The models list: the fleet view
The models list page is the operational view. It has search, filter by tenant, filter by status (all/active/disabled/failing), and filter by tag. Tags are free-form strings you can add to any model, so you can group by environment (production, staging), by team, or by data domain.
Sort by health score ascending and the most degraded models float to the top. The health score is a composite across consecutive failure count, recent latency relative to the model’s own baseline, and uptime across the rolling windows. It is not a formal SLA calculation; it is a signal for where to look first.
The card for each model shows the health grade (A through F), the last run time, the consecutive failure count, and a quick-run button.
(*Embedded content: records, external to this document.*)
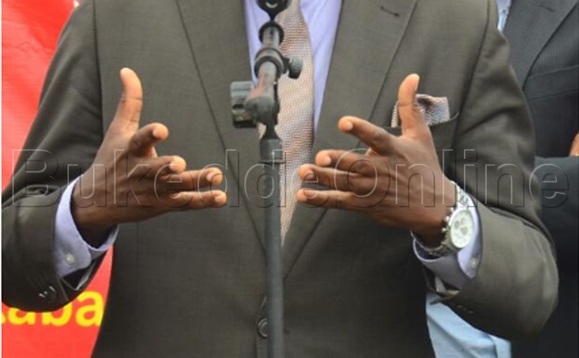 Minista Ssekabembe ng'annyonnyola Minista Ssekabembe ng'annyonnyola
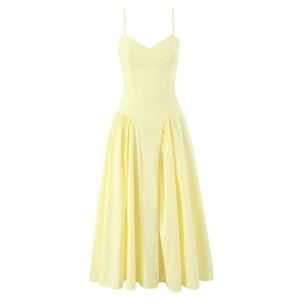 Détail de la robe d'été jaune clair à fines bretelles et corsage plissé chic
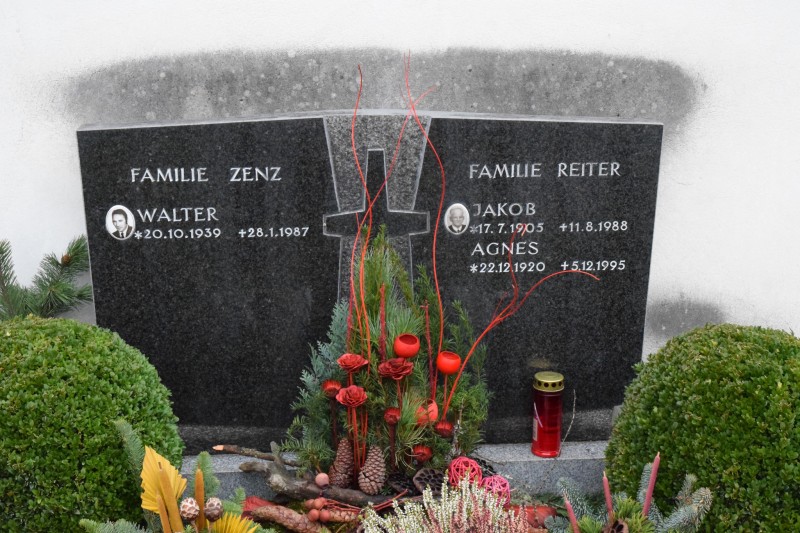 Zenz; Reiter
That last one is useful during an investigation: rather than waiting for the next scheduled run, you can trigger a check immediately and watch the result appear in the history a few seconds later.
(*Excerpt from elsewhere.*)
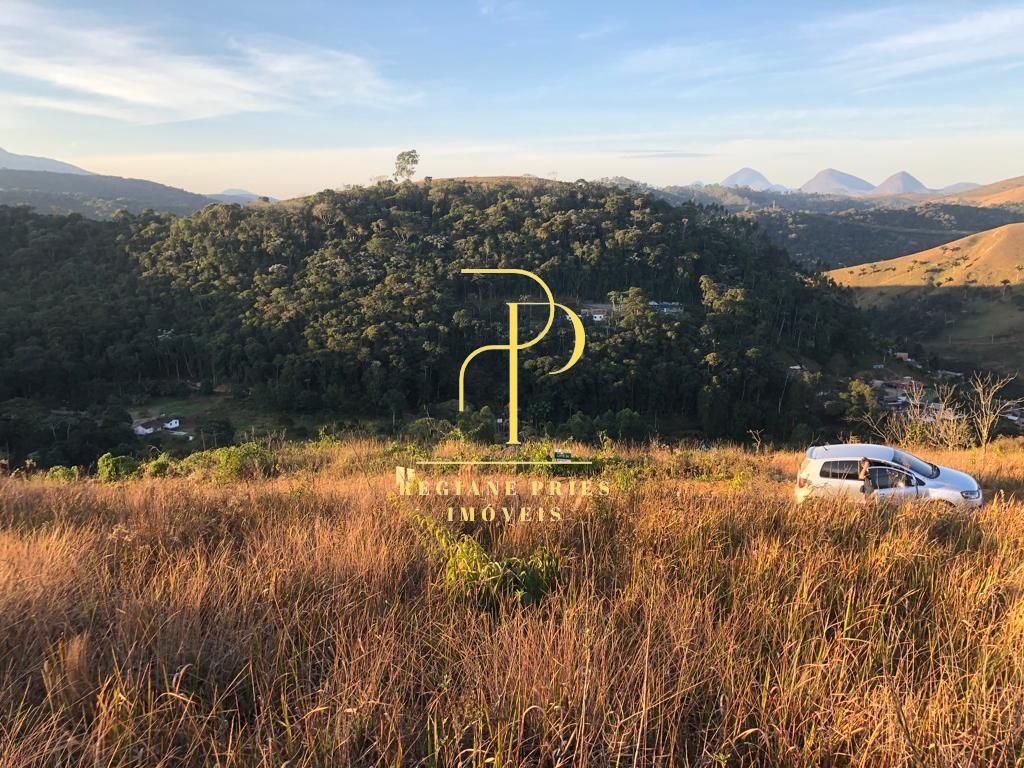 Terreno à venda, 615m² - Pessegueiros,Teresópolis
Uptime: putting numbers on it
The Uptime page is for the conversation with stakeholders who want to know how reliable their models are in terms they can put in a report.
Each model gets three rolling windows: last 24 hours, last 7 days, last 30 days. Each window shows total checks, successes, and uptime percentage with a colour-coded bar:
- 99.5% and above: green
- 95 to 99.5%: yellow
- 90 to 95%: orange
- Below 90%: red
Across the top of the table, the aggregate uptime across all models for each window gives a fleet-level headline. “Fleet availability last 7 days: 97.4%” is a concrete number to bring to a monthly review.
The same page also shows p95 latency trends per model. Uptime tells you whether the checks are succeeding. Latency tells you whether the models that are succeeding are doing so at acceptable speed.
Radar: the visual overview
The radar page is the one I use when I want to scan the whole fleet at a glance. It renders each model as a dot on a canvas, positioned by p95 latency on one axis and health score on the other, with dot size reflecting which models have the most weight (based on how frequently they run). Colour is the health grade.
In a healthy deployment most dots cluster in the top-left: low latency, high health score, green or lime. The outliers stand out immediately. A large red dot in the bottom-right means a high-frequency model with degraded health and elevated latency. That is the one to investigate first.
Hovering a dot shows a tooltip with model name, tenant, score, grade, and current p95 in milliseconds.
Maintenance windows: the expected failures
One thing that caused false alarms early on was scheduled maintenance. The underlying SQL Server gets taken offline every Saturday between 2 and 4 AM. The canary runs every 30 minutes. The result: a string of failures, the at-risk counter climbing, an alert firing at 2:15 AM for something everyone already knew was happening.
Maintenance windows solve that. Each window has a start time, end time, and day-of-week pattern. Two flags control what happens during the window. suppressAlerts keeps running checks and recording results but does not fire webhooks. skipCanary stops running checks entirely, which is what you want when the data source is deliberately taken offline.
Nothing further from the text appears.